To the uninitiated, Dhaka – the eighth-most populated city on the planet – can immediately suffocate and overwhelm, with chaos the accepted norm on the traffic-jammed streets and a heavy presence of gun-toting security maintaining a reassuring, or alarming, presence outside the team hotel.
The skipper was having a little each way when it came to how the playing conditions would impact on his side’s performance, particularly with several of Australia’s games beginning at 3.30pm local time.
Asked if Asian sides held a slight advantage in Bangladesh, he replied: “I would imagine so, and that’s not selling any of the western countries short; that’s the nature of it … playing in your own conditions, there’s a comfort there, and there’s a knowledge that it might take teams a little bit to adjust to.
“Having said that, I think we’ve played a lot in India, and I don’t think the conditions will be much different from that, so it’s not going to be altogether foreign for us.

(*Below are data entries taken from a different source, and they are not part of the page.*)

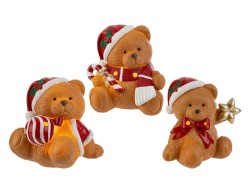 Orsetti in resina con cappello di Babbo Natale e luci LED - 3 varianti assortite h.12 cm – Decorazione Natalizia Le Stelle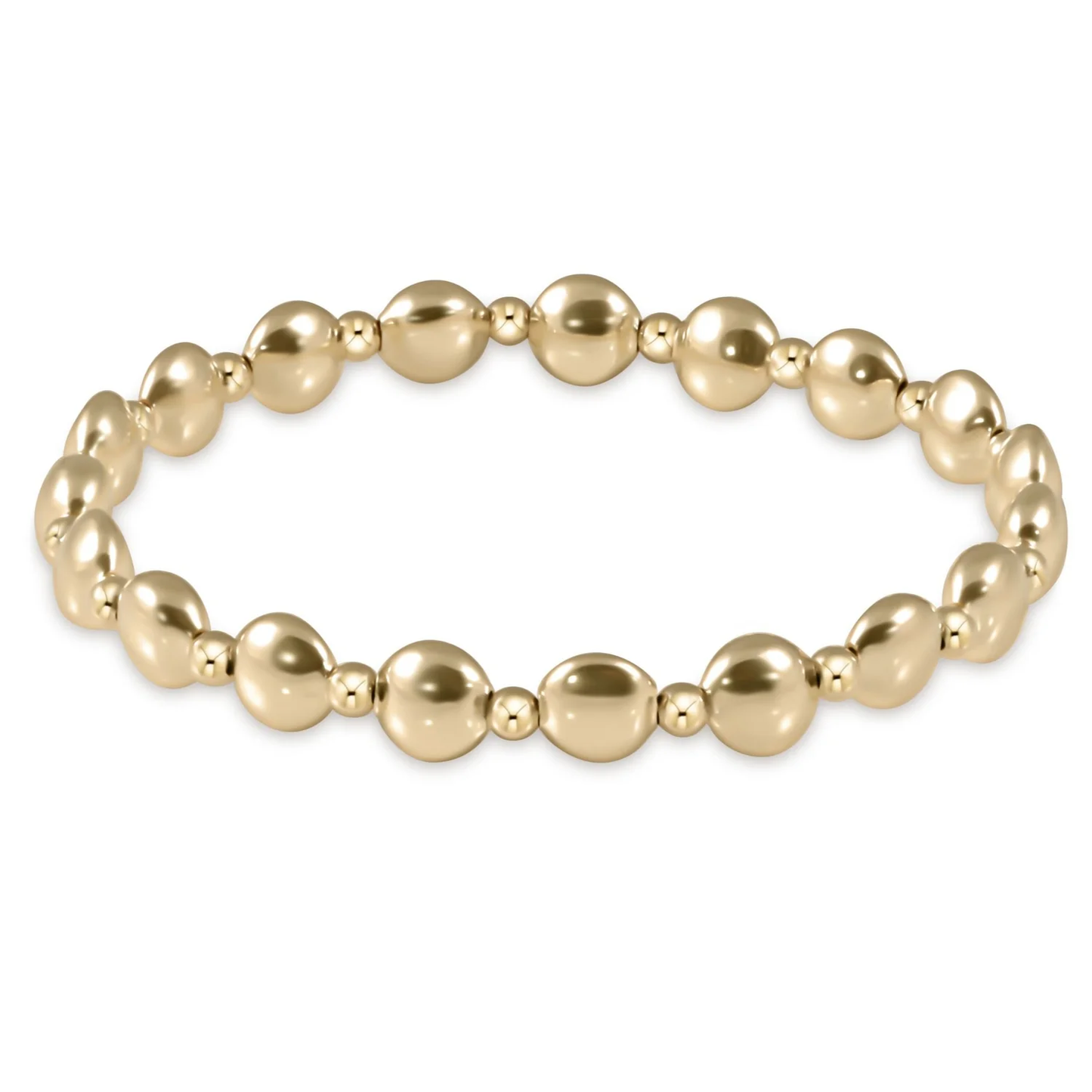 honesty gold grateful pattern 6mm bead bracelet extends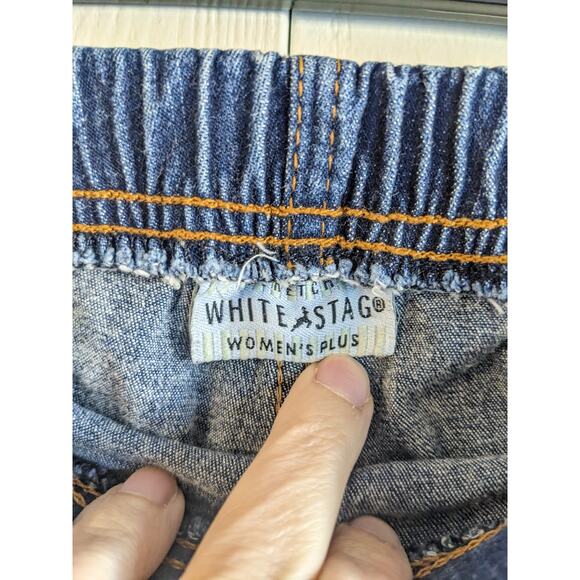 White Stag Women's Wide Leg High Rise Back Elastic Waist Blue Denim Jeans Sz 18 - Picture 3 of 3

“We’ve spoken to Brad Hodge a bit, who has played here. We’ve watched a couple of the qualifying matches that have been played so far. It does look like the wickets change a little bit from day into the evening, so we’ll have to try and adjust to that.\
“Our practice game (against New Zealand) starts in the afternoon and heads into the early evening, so we might get a bit of a feel for how the conditions do change, and we’ll certainly try and adjust to that as quick as we can throughout the tournament.”